TASK BRIEF
An exact copy is needed of the lines in the entries below from the line with "Kids 2 Piece" up to and including the line with "Metal Art Sign", and of nothing else. Leave the pictures out.

SUPPLIED DATA
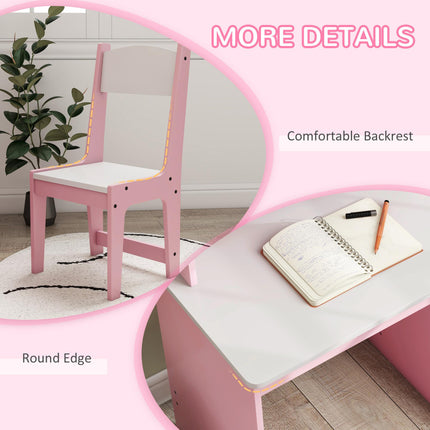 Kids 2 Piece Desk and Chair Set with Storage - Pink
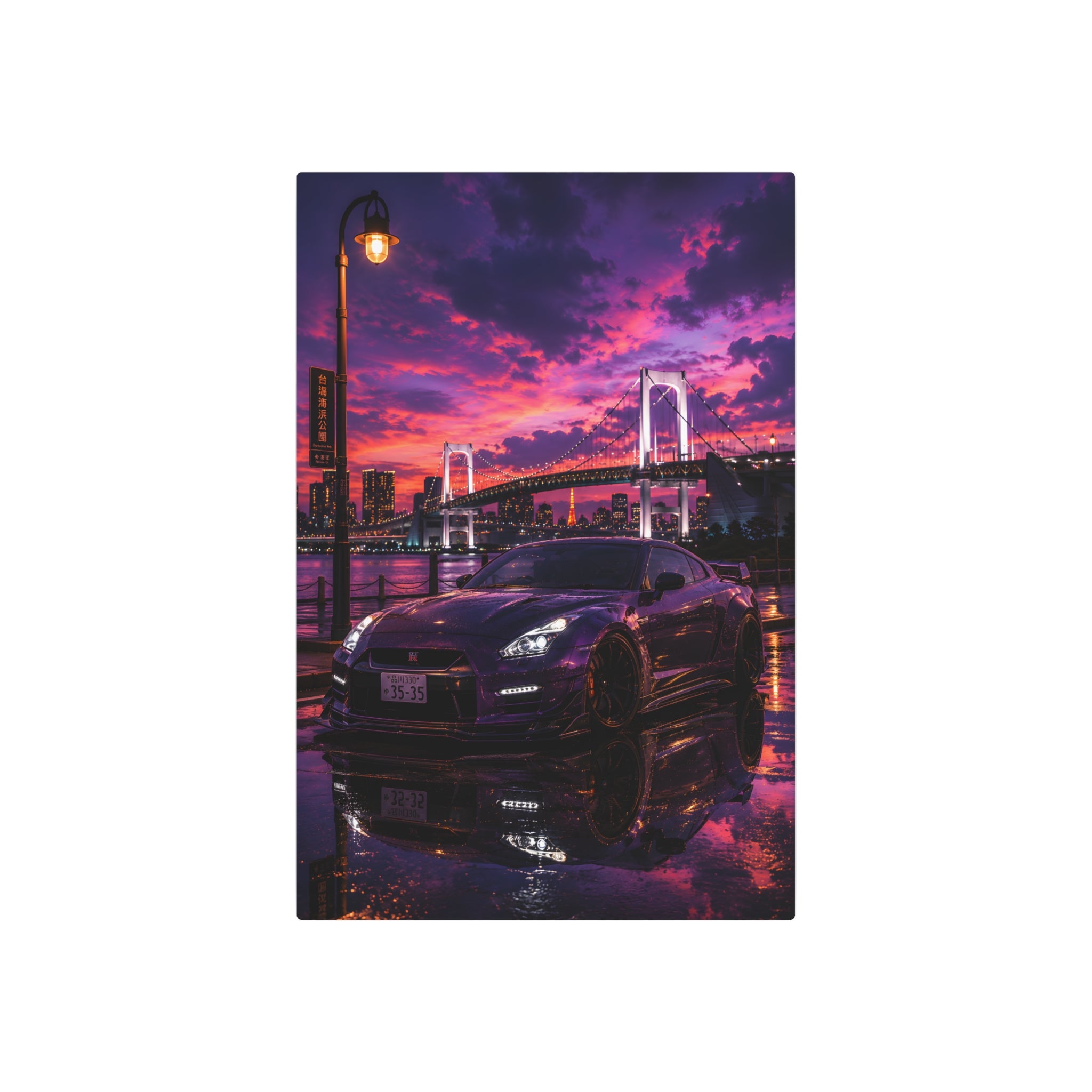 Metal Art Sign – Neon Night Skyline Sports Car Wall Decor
...
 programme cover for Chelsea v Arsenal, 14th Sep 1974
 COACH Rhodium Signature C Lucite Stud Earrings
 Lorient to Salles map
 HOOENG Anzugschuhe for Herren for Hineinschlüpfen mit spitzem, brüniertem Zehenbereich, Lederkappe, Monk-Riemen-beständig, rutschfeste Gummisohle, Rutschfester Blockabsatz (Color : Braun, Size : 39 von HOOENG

EXERCISE RESULT
 Kids 2 Piece Desk and Chair Set with Storage - Pink
 Metal Art Sign – Neon Night Skyline Sports Car Wall Decor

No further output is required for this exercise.